ANNE Teresa de Keersmaeker, Jan Fabre, Alain Platel : la danse flamande a conquis Avignon tout en secouant les habitudes des festivaliers. La première de MOZART CONCERT ARIAS fut abondamment chahutée tandis que le JE SUIS SANG de Fabre divisa les festivaliers. Quant à Alain Platel, s’il est aujourd’hui invité dans la Cour d’honneur-avec WOLF, sa première apparition au Festival suscita aussi de nombreuses polémiques.
Réactions contrastées donc pour une vague qui depuis plus de vingt ans maintenant attire tous les regards. Platel, Fabre et de Keersmaeker étant tous trois présents cette année à Avignon, on pourra pourtant constater une fois de plus à quel point leurs univers sont différents.
Anne Teresa de Keersmaeker est la seule vraie chorégraphe du lot, et cela se sent dans chacune de ses pièces. Exploration méticuleuse de la musique, travail en profondeur sur le vocabulaire chorégraphique, capacité à mettre en valeur chaque individualité tout autant qu’à créer de vastes mouvements de groupe … Rien n’est jamais laissé au hasard dans son travail qui se base tout entier sur la danse et les danseurs, même lorsqu’elle introduit le texte dans certaines de ses pièces.

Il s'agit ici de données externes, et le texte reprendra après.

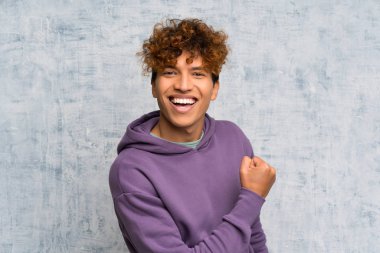 Genç Afro-Amerikan erkeği Grunge Duvarı 'nın ardında zaferi kutluyor.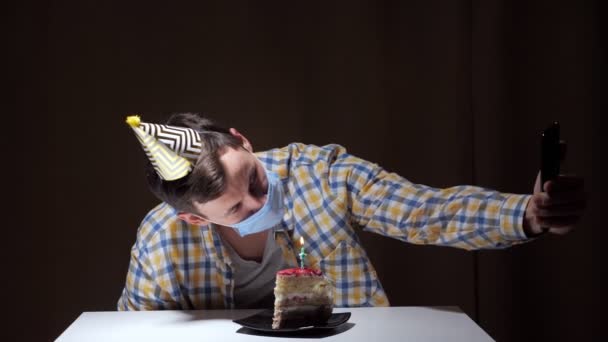 일회용 마스크 파티 모자를 쓴 남자가 케이크와 함께 하얀 테이블에 앉아 있는 검은 스마트폰에서 사진을 찍고 있습니다. — 비디오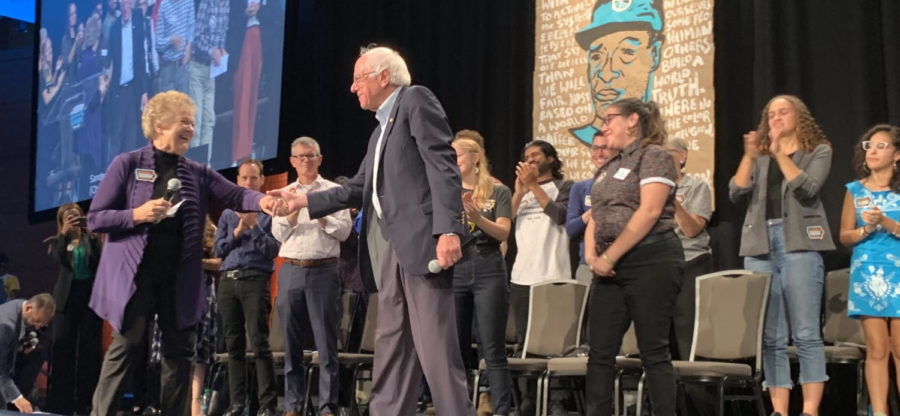 Sen. Bernie Sanders, I-Vt., greets a moderator at the Iowa Citizens for Community Improvement Action presidential forum Saturday in Des Moines. Sanders spoke about health care and tuition-free college during his time at the forum.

Il en va tout autrement en ce qui concerne Jan Fabre et Alain Platel. Le premier est un artiste tout-terrain, aussi à l’aise dans les arts plastiques que sur une scène de théâtre. Fasciné par la rigueur et la technique des danseurs classiques, il fait régulièrement appel à ceux-ci dans ses spectacles, utilisant la danse comme un des multiples matériaux mis à sa disposition pour créer des spectacles inclassables. Platel, lui, s’est révélé un peu plus tard mais a connu un succès fulgurant dès BONJOUR MADAME… Mêlant professionnels et amateurs, adultes et enfants, danseurs et acteurs, il a brisé tous les codes habituels créant sur scène une fiction si parfaite que certains la prirent pour une simple mise en scène de la réalité.
Au fil du temps, les choses ont pourtant évolué et la danse s’est imposée de plus en plus dans le travail de chacun, non plus comme un simple matériau, mais comme le centre du propos. On a pu le constater avec l’étonnant LAC DES CYGNES de Fabre, respectant parfaitement les canons classiques et la chorégraphie d’origine tout en les intégrant dans un univers portant la griffe de l’Anversois. On le verra aussi dans WOLF où, pour la première fois, Alain Plate ! travaille avec des danseurs de haut niveau, tout en les intégrant dans un univers qui ne renie rien de ses expériences passées. Quant à Anne Teresa de Keersmaeker, sa danse est plus que jamais fluide, vibrante, aussi intelligente qu’émouvante.
Il y a vingt ans, le monde de la danse voyait les « contemporains » prendre d’assaut les citadelles du ballet classique. Aujourd’hui, la danse dans son ensemble, contemporaine ou classique, tourne un peu en rond, s’interroge beaucoup sur elle-même. Avec ces trois-là, elle continue pourtant à vivre et à explorer sans cesse de nouvelles voies.